# Records for the task
□ □ □ □ □ □ □

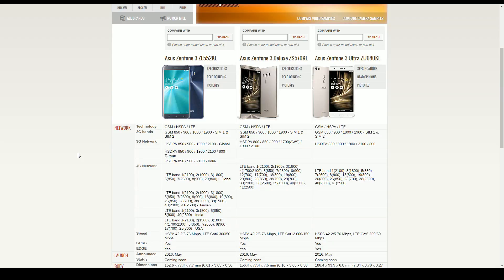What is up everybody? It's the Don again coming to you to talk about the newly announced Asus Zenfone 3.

□ □ □ □ □ □ □

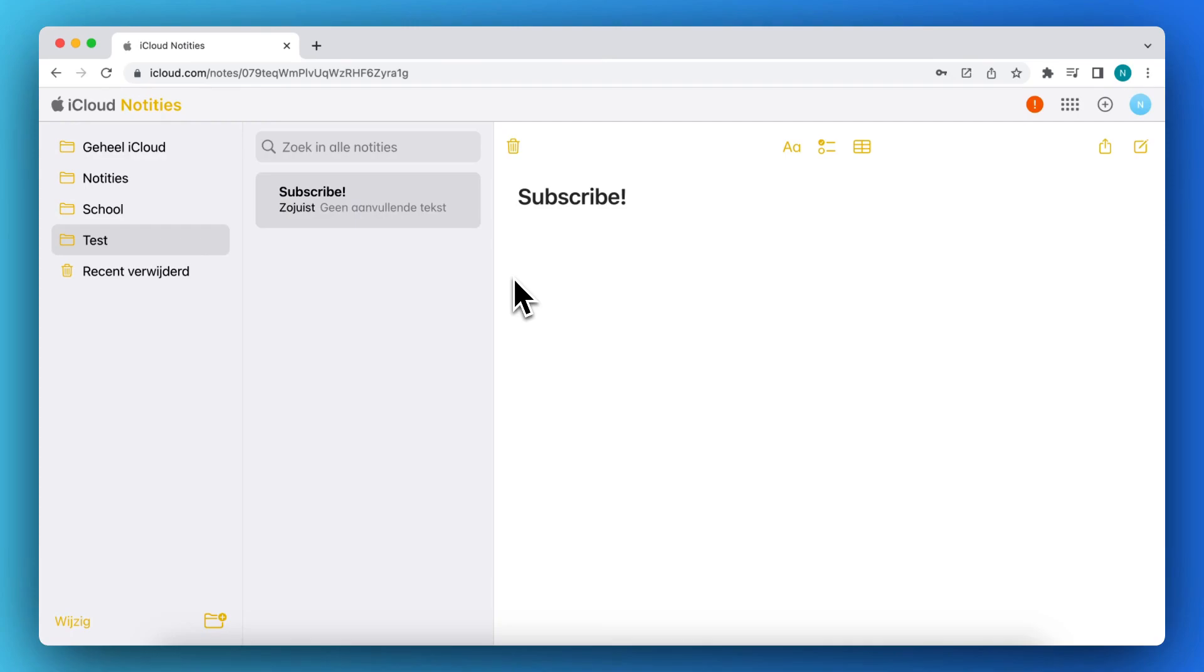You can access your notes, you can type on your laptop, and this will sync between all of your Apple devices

□ □ □ □ □ □ □

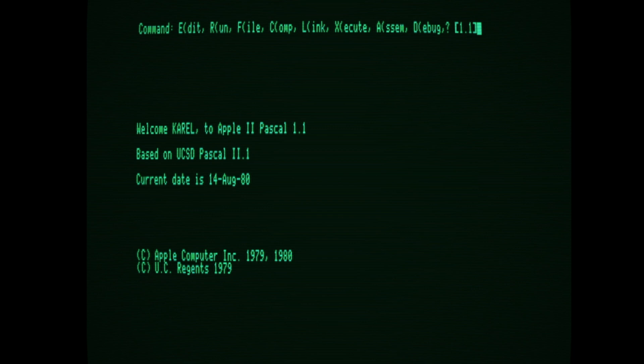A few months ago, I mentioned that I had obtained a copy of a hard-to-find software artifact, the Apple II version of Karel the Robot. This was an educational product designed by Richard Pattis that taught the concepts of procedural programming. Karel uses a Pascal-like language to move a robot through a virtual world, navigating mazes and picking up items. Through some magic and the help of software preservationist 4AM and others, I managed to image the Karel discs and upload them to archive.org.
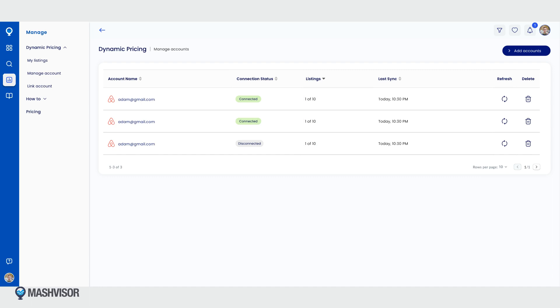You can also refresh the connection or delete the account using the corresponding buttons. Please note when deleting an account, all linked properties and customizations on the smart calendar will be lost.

□ □ □ □ □ □ □

# What is needed
Copy word for word the span of the records above that begins at the line with "A few months" and ends at the line with "You can also", including those two lines but not the pictures.

# Output below
A few months ago, I mentioned that I had obtained a copy of a hard-to-find software artifact, the Apple II version of Karel the Robot. This was an educational product designed by Richard Pattis that taught the concepts of procedural programming. Karel uses a Pascal-like language to move a robot through a virtual world, navigating mazes and picking up items. Through some magic and the help of software preservationist 4AM and others, I managed to image the Karel discs and upload them to archive.org.
You can also refresh the connection or delete the account using the corresponding buttons. Please note when deleting an account, all linked properties and customizations on the smart calendar will be lost.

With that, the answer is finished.